Fallopian tubes are the delicate environment where life begins. Each of these two narrow structures is the place where a one-celled egg can meet a sperm, creating a life that will continue its journey to implantation in the uterus. As such, this tiny organ must be patent (open) and able to function freely and without restriction for a pregnancy to occur.
The primary cause of tubal occlusion (blockage) is internal scarring by adhesions. Adhesions form as glue-like bonds in the reproductive tract as the body’s initial response to pelvic inflammatory disease (PID), endometriosis, sexually transmitted infection, a prior surgery or ectopic pregnancy.
After adhesions form, they can remain in the body for a lifetime. When they form at the distal end of the tube (near the ovary), they can cause swelling of the tube in a condition called hydrosalpinx. Adhesions can form and spread into any part of the tube, and anywhere in the pelvis. Wherever they form, they can squeeze reproductive structures or attach them to other structures, further decreasing fertility.

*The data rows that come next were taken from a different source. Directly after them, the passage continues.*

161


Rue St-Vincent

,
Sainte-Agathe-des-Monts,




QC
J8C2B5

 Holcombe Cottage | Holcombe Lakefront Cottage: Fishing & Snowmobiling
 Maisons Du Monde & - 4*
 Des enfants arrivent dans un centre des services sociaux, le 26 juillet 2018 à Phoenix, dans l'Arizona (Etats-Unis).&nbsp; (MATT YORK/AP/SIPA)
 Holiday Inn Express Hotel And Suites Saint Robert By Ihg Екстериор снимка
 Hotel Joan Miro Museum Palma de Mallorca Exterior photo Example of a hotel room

The interior dimension of a fallopian tube is tiny, designed to transport a single celled egg to meet much tinier sperm, in order to create a pregnancy. The inner lining of a fallopian tube looks like a lush underwater garden, lined with microscopic cilia that help the process along. The act of cutting into such delicate structures to perform a surgical repair is both challenging and problematic. While surgery can sometimes open a blocked fallopian tube, physicians know that there is significant risk of post-surgical adhesions – scar tissue that tends to re-block the tube within a few months.
Surgery to clear proximal occlusion (blockage near the uterus)
Surgery is considered when the site of the blockage is proximal — near the uterus. In this instance, the physician can often access the occlusion by inserting a sterilized wire, sometimes with a tiny balloon attached into the tube via the uterus. Thus, the doctor can avoid the costs and risks of the additional post-surgical adhesions associated with laparoscopy. Risks with this minimally invasive technique include pinpoint perforations of the vagina, cervix, uterus or fallopian tube as the wire passes through these structures.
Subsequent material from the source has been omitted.